The County again moves for dismissal of Plaintiff’s claims under Federal Rule of
Civil Procedure 12(b)(6). (Doc. 27).
STANDARD OF REVIEW
Pursuant to Federal Rule of Civil Procedure 12(b)(6), a complaint may be dismissed
for failure to state a claim upon which relief can be granted. In considering a motion to
dismiss under Rule 12(b)(6), a court must accept the factual allegations of the complaint
as true and evaluate all inferences derived from those facts in the light most favorable to
the plaintiff. See Erickson, 551 U.S. at 94. Conclusory allegations, unwarranted factual
deductions, or legal conclusions masquerading as facts, however, are not entitled to the
assumption of truth. See Ashcroft v. Iqbal, 556 U.S. 662, 679 (2009); Davila v. Delta Air
Lines, Inc., 326 F.3d 1183, 1185 (11th Cir. 2003).
ANALYSIS
1. Denial of Equal Protection under the Fifth and Fourteenth Amendments (Count
III)
Plaintiff asserts an equal protection claim based on the differential treatment of
Pirate Cove’s from that of comparators Margueritagrill and Riverside Resort. (Doc. 24 at
19-21).
Specifically, Plaintiff alleges that Pirate’s Cove was subjected to rigorous
enforcement of County rules, ordinances, regulations, and policies, while the comparators
were not subjected to similarly rigorous enforcement.
(Id.).
The Court previously
dismissed this claim without prejudice because Plaintiff failed to allege facts demonstrating
7
that the comparators were similarly situated. (Doc. 20 at 11). The County contends that
Plaintiff has not remedied this deficiency in that Plaintiff has only alleged facts showing
that Plaintiff was treated differently than the comparators, not that the comparators were
similarly situated. (Doc. 27 at 3-5).
The Equal Protection Clause provides that “[n]o State shall make or enforce any law
which shall . . . deny to any person within its jurisdiction the equal protection of the laws.”
U.S. Const., amend. XIV, § 1. The Supreme Court has “recognized successful equal
protection claims brought by a ‘class of one,’ where the plaintiff alleges that [he or] she
has been intentionally treated differently from others similarly situated and that there is no
rational basis for the difference in treatment.” Village of Willowbrook v. Olech, 528 U.S.

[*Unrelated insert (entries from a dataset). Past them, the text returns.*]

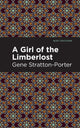 Book cover of: Girl of the Limberlost. By: Gene Stratton-Porter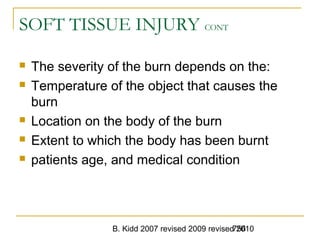B. Kidd 2007 revised 2009 revised 2010756
SOFT TISSUE INJURY CONT
 The severity of the burn depends on the:
 Temperature of the object that causes the
burn
 Location on the body of the burn
 Extent to which the body has been burnt
 patients age, and medical condition
 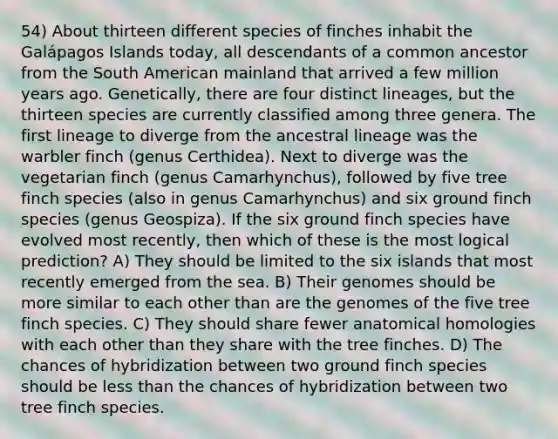 54) About thirteen different species of finches inhabit the Galápagos Islands today, all descendants of a common ancestor from the South American mainland that arrived a few million years ago. Genetically, there are four distinct lineages, but the thirteen species are currently classified among three genera. The first lineage to diverge from the ancestral lineage was the warbler finch (genus Certhidea). Next to diverge was the vegetarian finch (genus Camarhynchus), followed by five tree finch species (also in genus Camarhynchus) and six ground finch species (genus Geospiza). If the six ground finch species have evolved most recently, then which of these is the most logical prediction? A) They should be limited to the six islands that most recently emerged from the sea. B) Their genomes should be more similar to each other than are the genomes of the five tree finch species. C) They should share fewer anatomical homologies with each other than they share with the tree finches. D) The chances of hybridization between two ground finch species should be <a href='https://www.questionai.com/knowledge/k7BtlYpAMX-less-than' class='anchor-knowledge'>less than</a> the chances of hybridization between two tree finch species.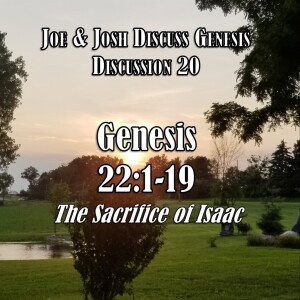S04 E26 Genesis Discussion Series - Discussion 20: Genesis 22:1-19 (The Sacrifice of Isaac)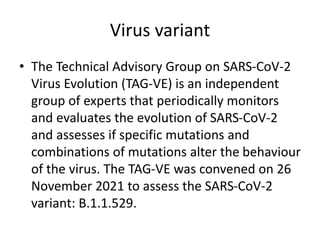 Virus variant
• The Technical Advisory Group on SARS-CoV-2
Virus Evolution (TAG-VE) is an independent
group of experts that periodically monitors
and evaluates the evolution of SARS-CoV-2
and assesses if specific mutations and
combinations of mutations alter the behaviour
of the virus. The TAG-VE was convened on 26
November 2021 to assess the SARS-CoV-2
variant: B.1.1.529.
 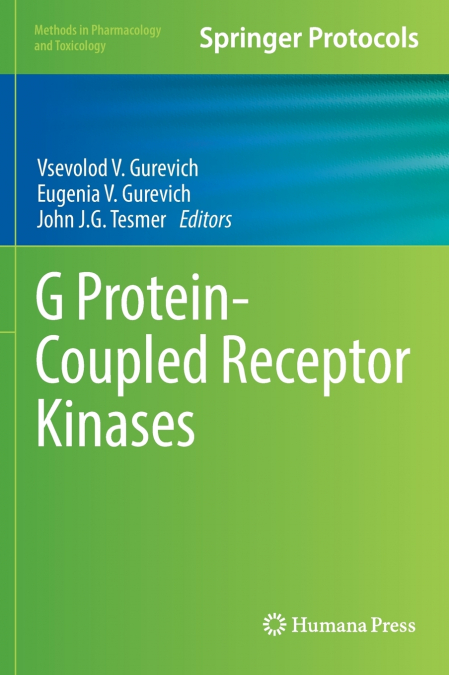 G Protein-Coupled Receptor Kinases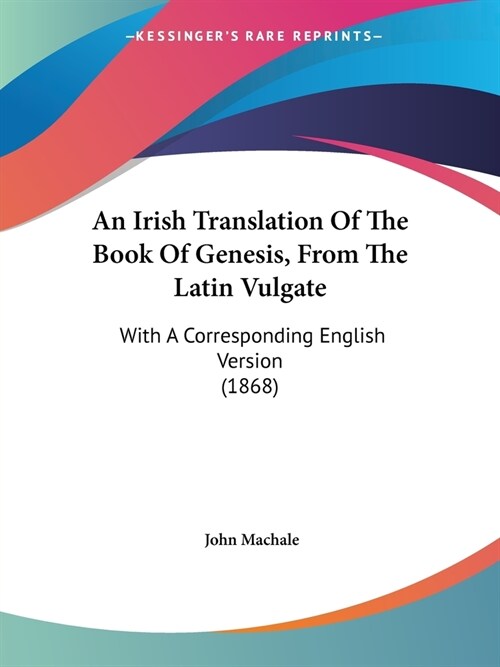 An Irish Translation Of The Book Of Genesis, From The Latin Vulgate: With A Corresponding English Version (1868) (Paperback)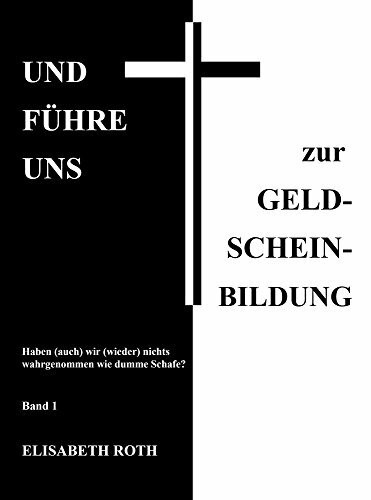 UND FÜHRE UNS zur GELD-SCHEIN-BILDUNG: Haben (auch) wir (wieder) nichts wahrgenommen wie dumme Schafe? - Band 1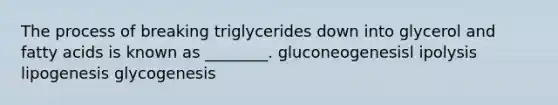 The process of breaking triglycerides down into glycerol and fatty acids is known as ________. gluconeogenesisl ipolysis lipogenesis glycogenesis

562, 564 (2000). “To prove a ‘class of one’ claim, the plaintiff must show (1) that he [or
she] was treated differently from other similarly situated individuals, and (2) that the
defendant unequally applied a facially neutral ordinance for the purpose of discriminating
against him [or her].” Leib v. Hillsborough Cnty. Pub. Transp. Comm’n, 558 F.3d 1301,
1307 (11th Cir. 2009).
In establishing that he or she was treated differently from similarly situated
individuals, a plaintiff generally must identify comparators. See Griffin Indus., Inc. v.
Irvin, 496 F.3d 1189, 1202-07 (11th Cir. 2007); see also Crystal Dunes Owners Ass’n Inc.
v. City of Destin, 476 F. App’x 180, 184-85 (11th Cir. 2012). Moreover, the “showing that
two projects were similarly situated requires some specificity,” Campbell v. Rainbow City,
434 F.3d 1306, 1314 (11th Cir. 2006), which means that the projects being compared “must
be prima facie identical in all relevant respects.” Racine Charter One, Inc. v. Racine
8
Unified Sch. Dist., 424 F.3d 677, 680 (7th Cir. 2005) (internal quotation marks omitted).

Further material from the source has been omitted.